Language-model baseline for pronoun prediction

This is the language model baseline for pronoun prediction, which we first used at the DiscoMT 2015 shared task. This is the version for the WMT 2016 task, which supports multiple languages. Each language has a configuration file (english.yml, french.yml, german.yml) which can be selected by adding "--conf thatfile.yml" to the command line.

For space reason, validation data and language models are not included. Find these at http://data.statmt.org/wmt16/pronoun-task/

Adding a new task / language pair

The whole LM baseline is driven by a produce script that specifies how the original dev data will be transformed into derived data (including evaluation.

In particular: * the baseline script itself will be used to create xyz.src-tgt.N.predictions.txt * based on that, the evaluation script creates an xyz.src-tgt.N.eval.txt

where xyz is the base name, src-tgt is a language pair such as "de-en", and N is the weight adjustment for the None/Other item.

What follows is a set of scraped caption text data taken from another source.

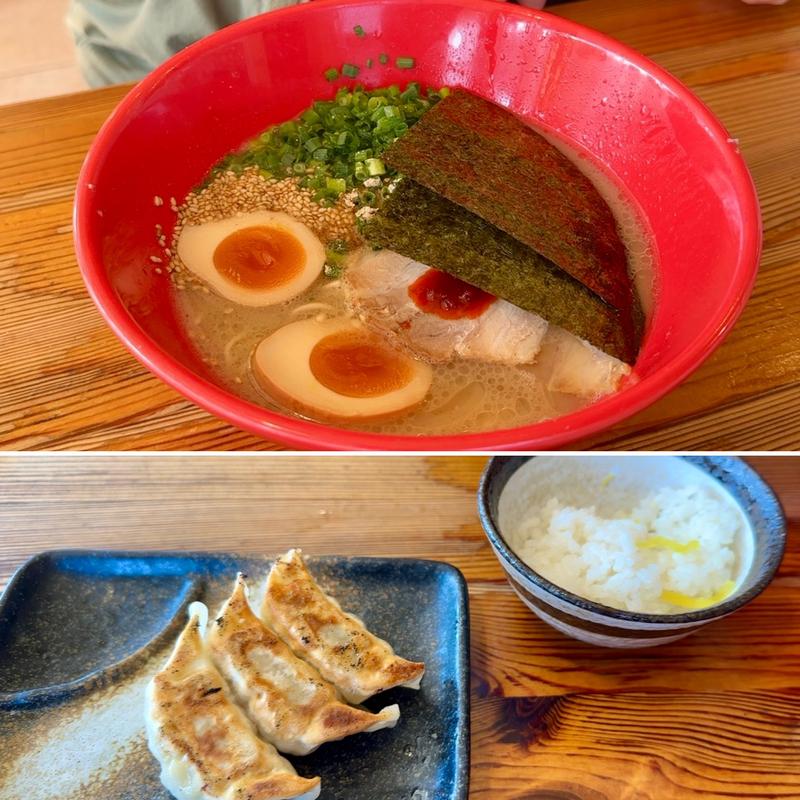 房総豚骨味玉こてメン Bセット(房総豚骨こてメン堂)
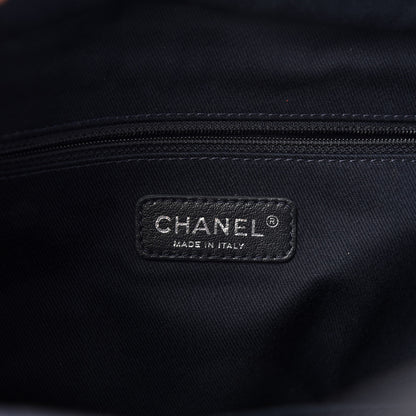 Chanel Denim Deauville Bowling Bag Dark Blue 8 of 10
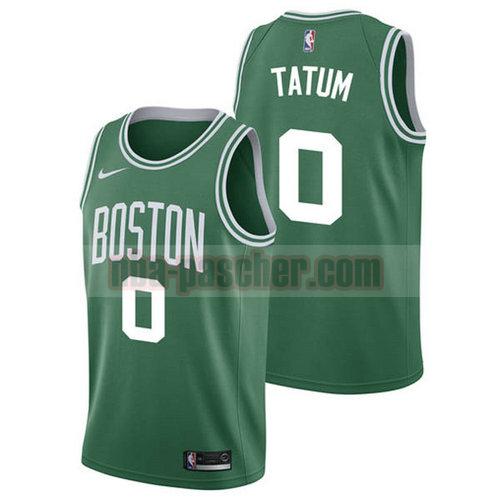 Maillot Boston Celtics Homme Jayson_Tatum 0 nike verde
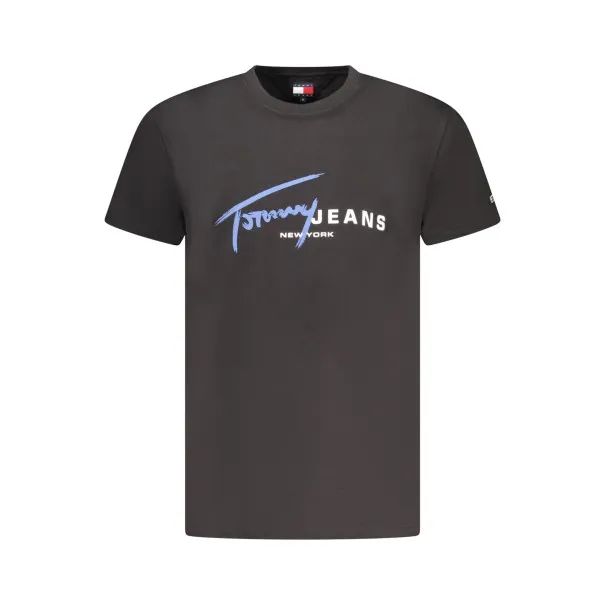 T-SHIRT À MANCHES COURTES TOMMY HILFIGER HOMME NOIR - TOMMY HILFIGER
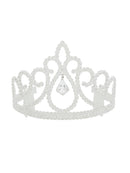 Tiara White Glitter & Diamond Costume Accessory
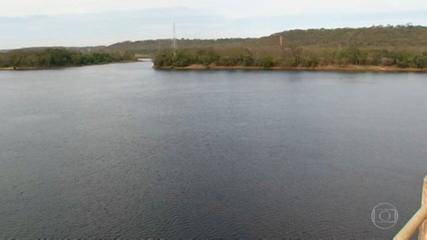 The onset of the rainy season improves the water level in the reservoirs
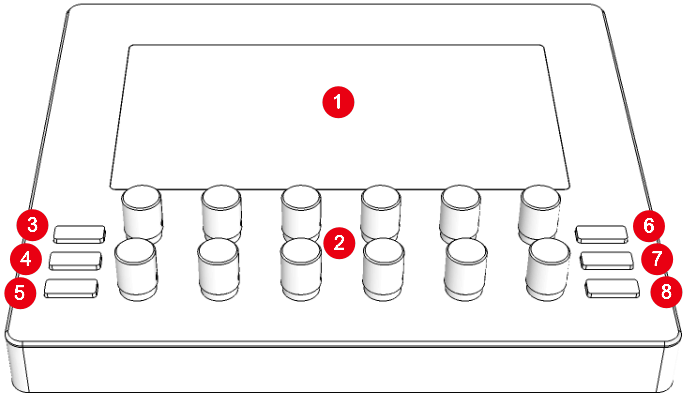 Electra front panel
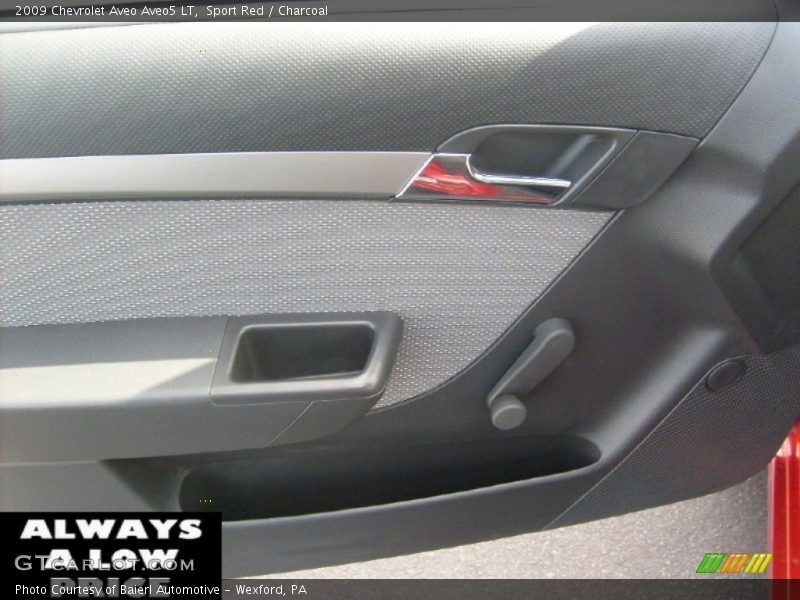 Sport Red / Charcoal 2009 Chevrolet Aveo Aveo5 LT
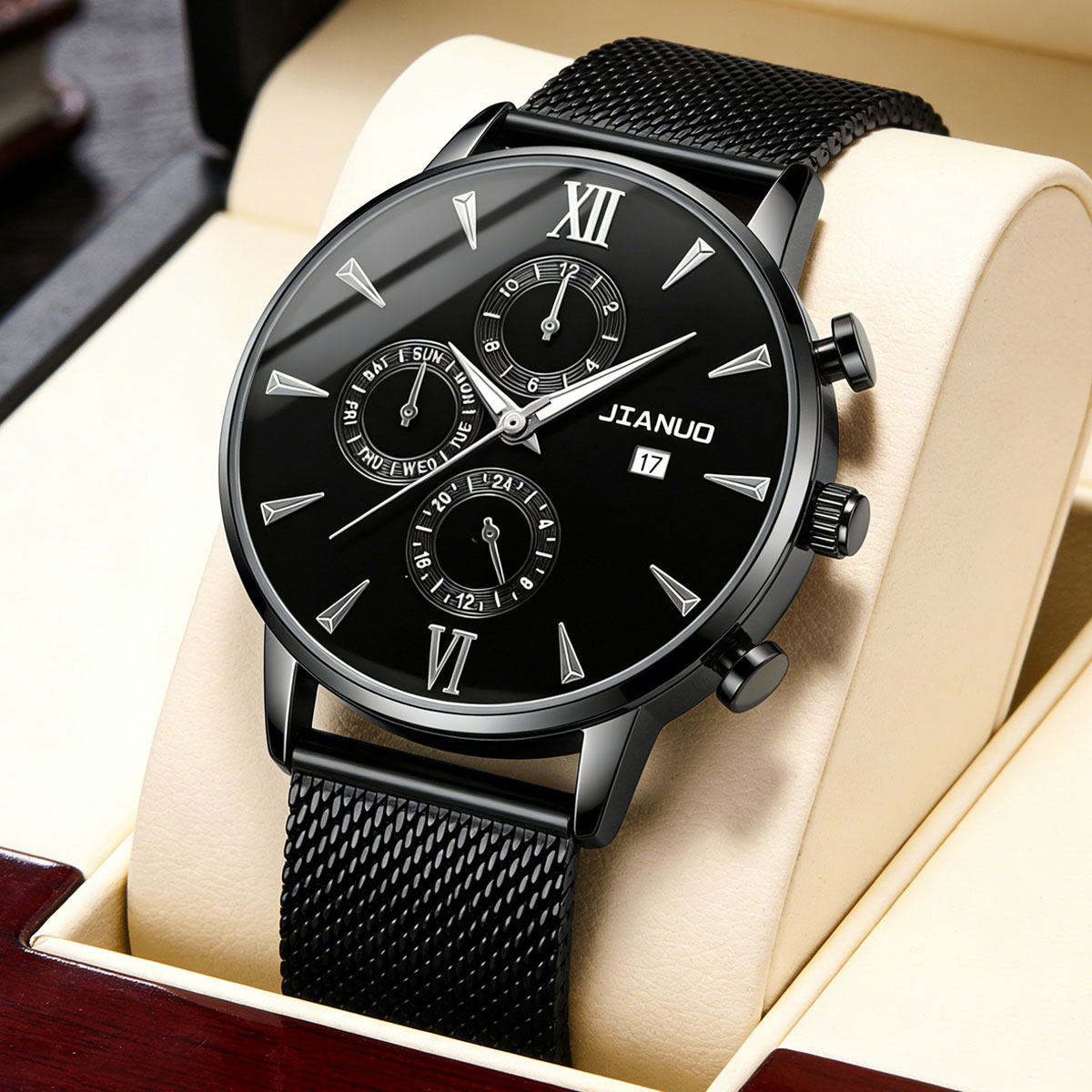 Trendy Casual Men's Milan Mesh - Stainless Mesh Band 评论和价格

The baseline script in turn is driven by YAML file named src-tgt.yml (for a particular language pair of src and tgt).

In the Yaml file: * all_fillers is a list of fillers that can be predicted as pronouns. These fillers are not words, but sequences of words, which means that the whole value will be a list of lists. * other_fillers is a list of word sequences that contribute towards the score of an OTHER prediction * lm contains the filename of a KenLM (trie) language model * removepos is true if the dev data contains POS tags that are not part of the training sequences that the language model has been trained on.